Esto es bastante clásico. Es muy antiguo y se remonta a los inicios, pero sobre todo agarró vuelo con la aparición de más y más alternativas para nosotros, los corredores, pensando en ese día que tanto preparamos. Si hay un elemento al que de verdad le ponemos atención, es a las zapatillas. Las adoramos, somos fanáticos de las zapatillas, y si son para correr, mucho mejor.
Algo que tenemos muy claro de entrada es que esa zapatilla añeja, gastada, que soportó toda esa carga de kilómetros al alba o muy tarde por las noches probablemente no es la mejor opción para el día de la carrera. Es simple: sus propiedades no son eternas, los materiales se deforman, se gastan, pierden ese impulso – literal -, que los fabricantes con tanto esmero intentaron proporcionar. Pero, ¿cada cuántos kilómetros cambiar de zapatilla?
Los teóricos hablan de 400 o 500 kilómetros, pero vamos, hoy es casi una ofensa pedir al corredor esforzado que estruje la pobre tarjeta de crédito tan seguido para cambiar de par. Además, la tecnología avanza más rápido de lo que somos capaces de procesar, lo que ha permitido desarrollar modelos que, dependiendo del uso y características propias del deportista, permiten una usabilidad mucho mayor a la que dicen los libros (más delante hablaremos de esto, específicamente).

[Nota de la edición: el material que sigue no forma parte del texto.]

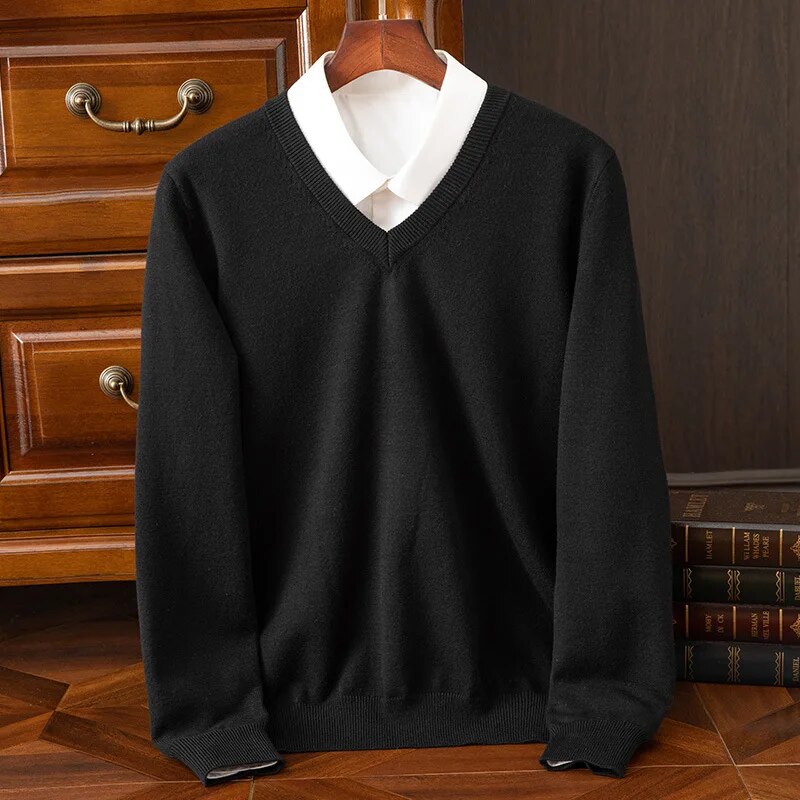 Sebastian | Men's Cashmere V-Neck Sweater Premium Soft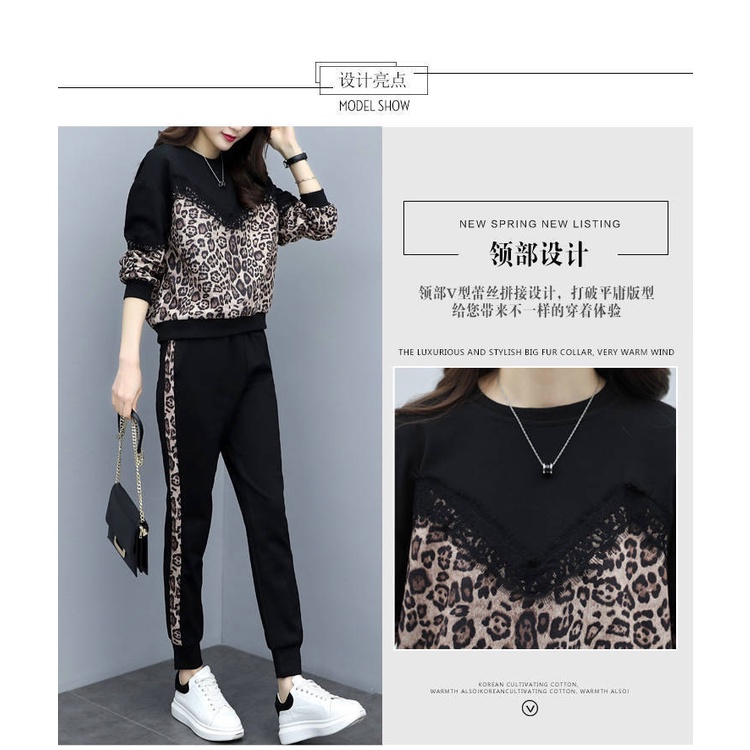 Unique Setelan Wanita Leopard Bunga Print Blus T-Shirt Renda Lengan Panjang + Celana Panjang 2Pcs Set Wear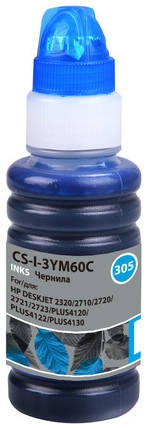 Чернила Cactus CS-I-3YM60C №305, для HP, 100мл, голубой 9668117245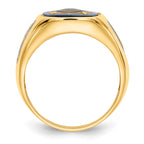 14k Men's Polished, Antiqued and Textured with Imitation Blue Spinel Masonic Ring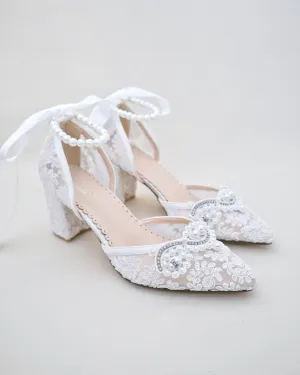 Lace Block Heel Pearl Ankle Wrap For Brides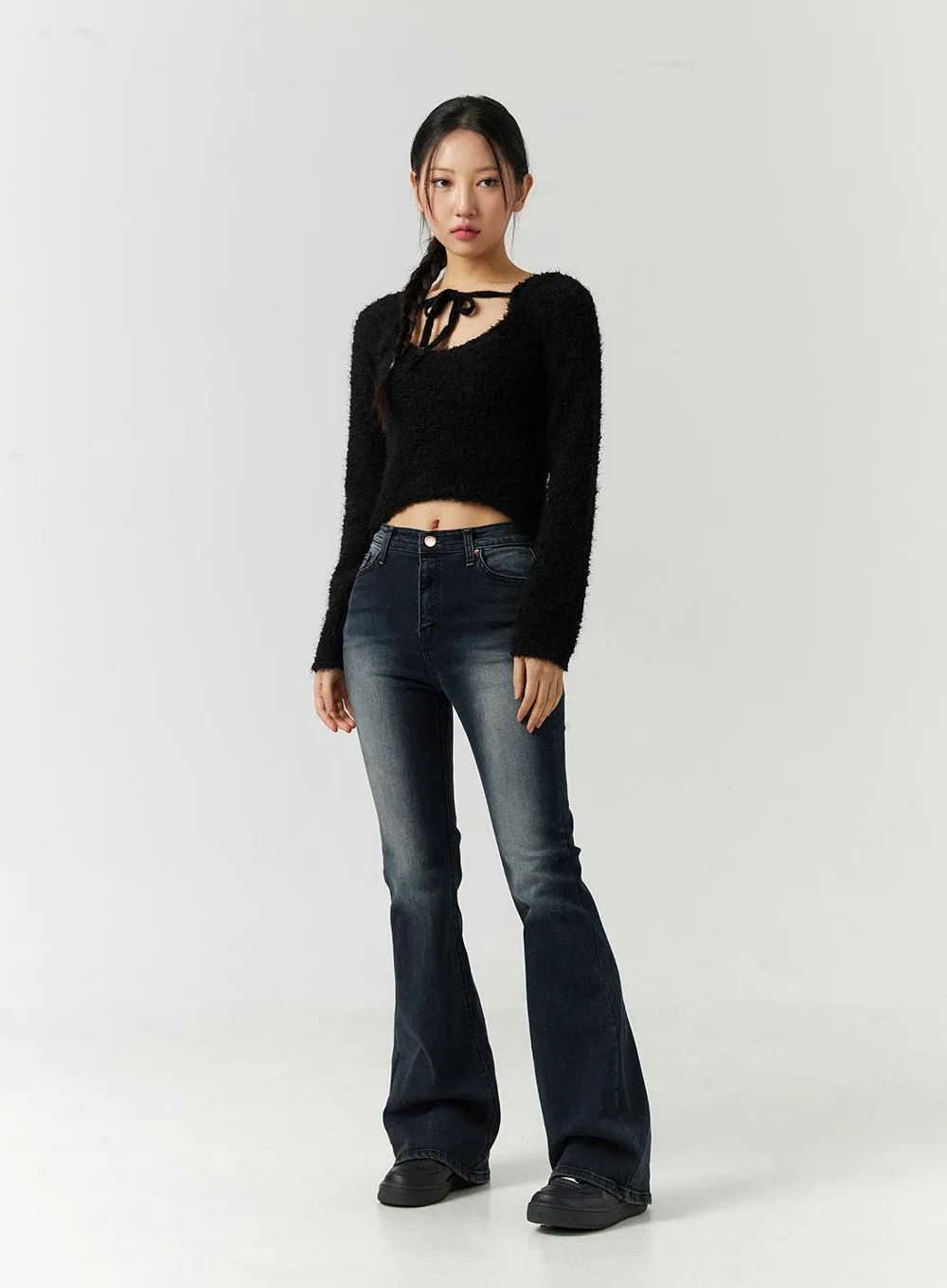 Faux Fur Cropped Sweater with High Collar Ribbon CD301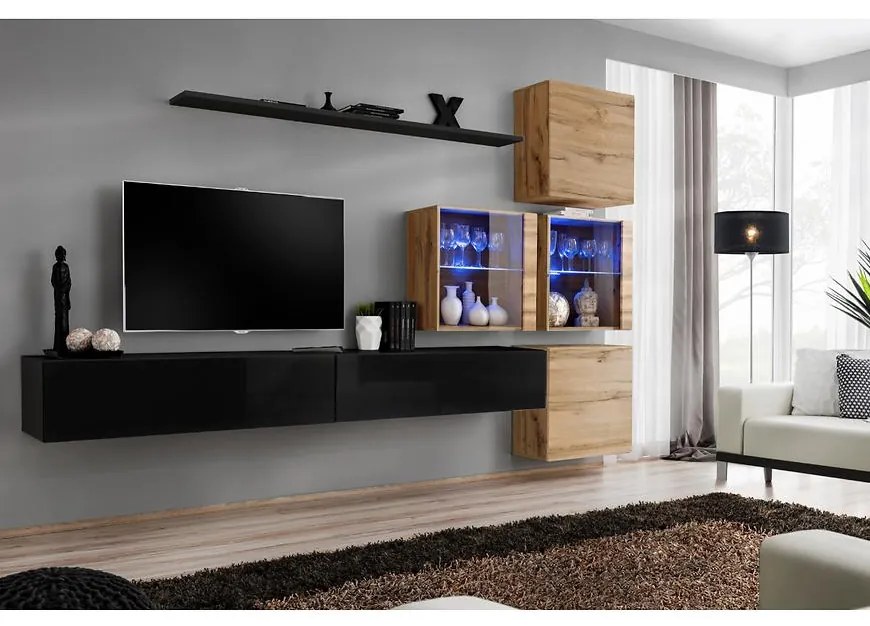 Obývacia stena Switch XIX Sklo +LED  čierna/Wotan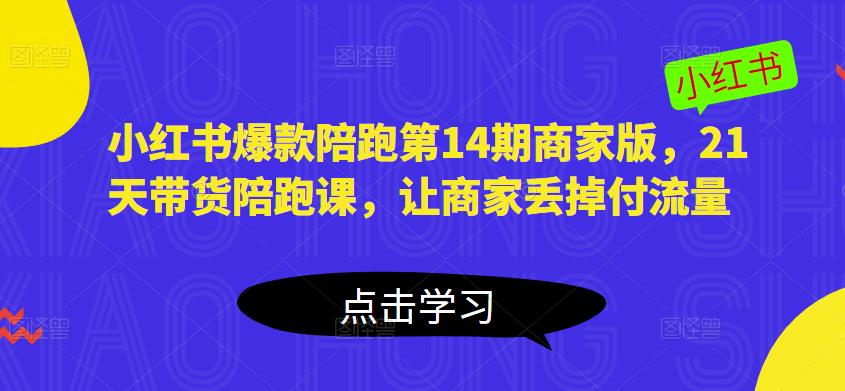 小红书爆款陪跑第14期商家版，21天带货陪跑课，让商家丢掉付流量-大兵轻创资源库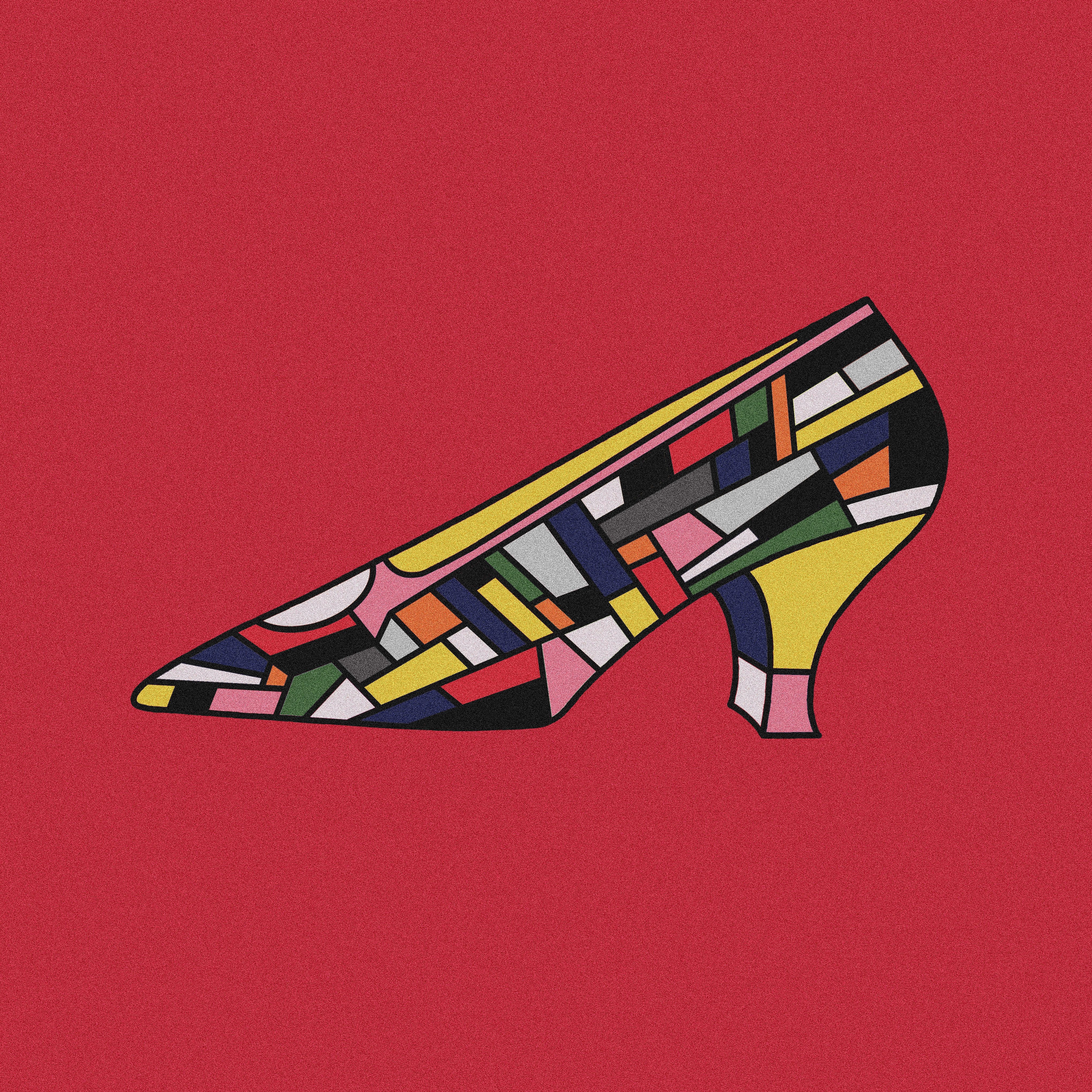 Shoe on red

Pero volvamos a lo que nos convoca: en término generales, siempre escuchamos el consejo clásico de que no es conveniente usar zapatillas nuevas el día de la carrera. Y esto es cierto por varias razones, partiendo por lo más obvio. ¿Cómo sabemos que algo nos funciona si nunca lo hemos usado previamente? Planificar con tiempo un par de entrenamientos específicos es una buena alternativa para confirmar o descartar posibles inconvenientes (rozaduras, ampollas, entre otros).